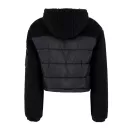 Teddy Puffer Woman - black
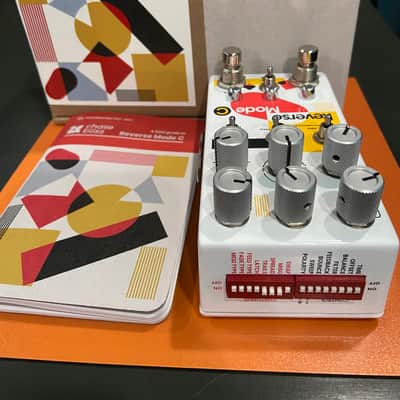 Chase Bliss Audio Reverse Mode C - original white version image 4
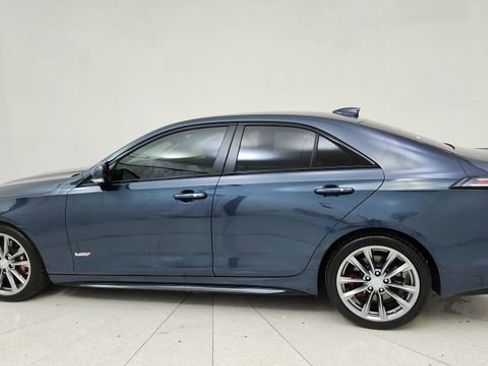 Used 2026 Cadillac CT4 V image 4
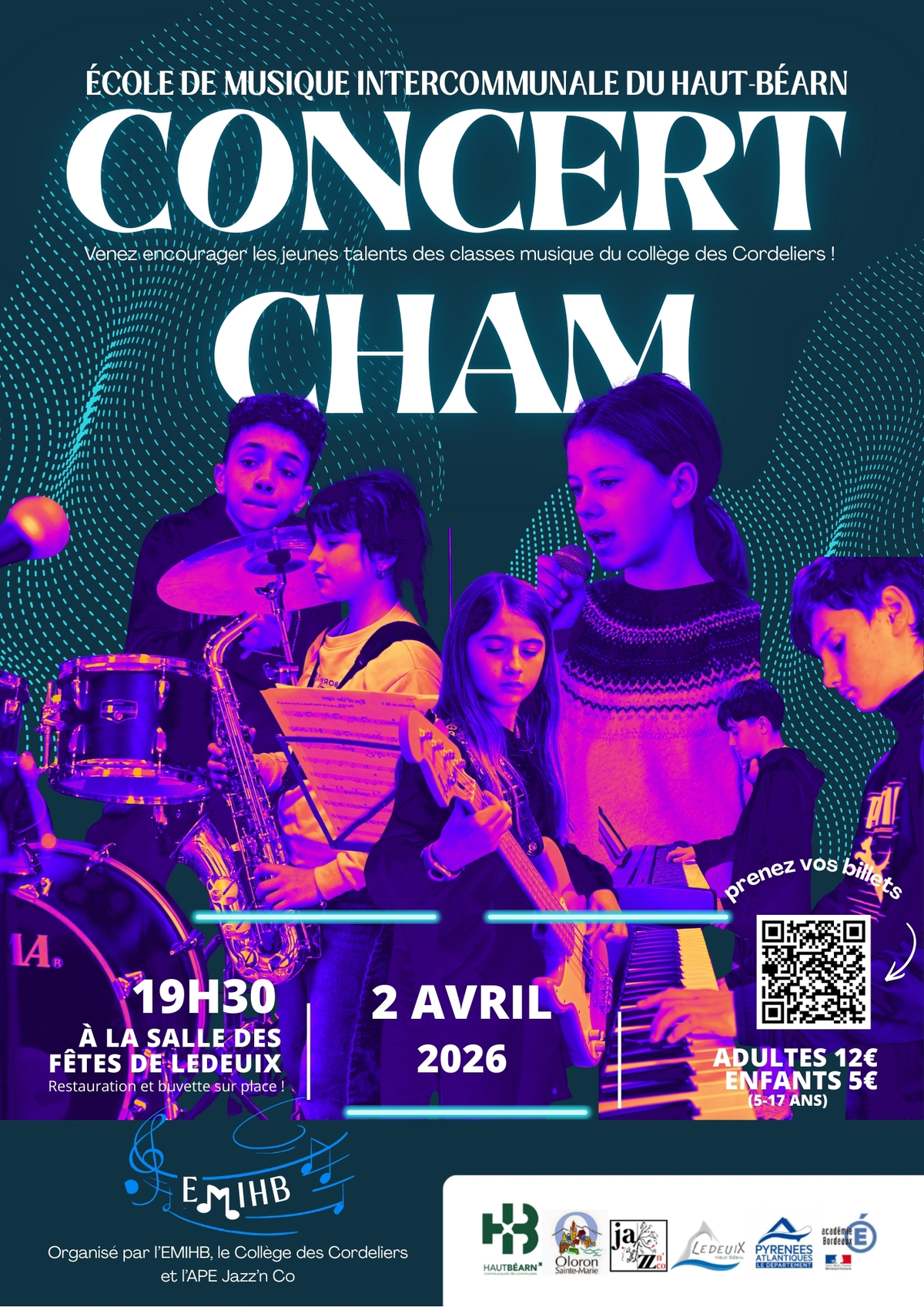 Concert CHAM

- [Assignment] Pictures are not part of the copy; reproduce exactly and only the lines from the line containing "Chase Bliss Audio" through the end of the listing.

- [Written response]
 Chase Bliss Audio Reverse Mode C - original white version image 4
 Used 2026 Cadillac CT4 V image 4
 Concert CHAM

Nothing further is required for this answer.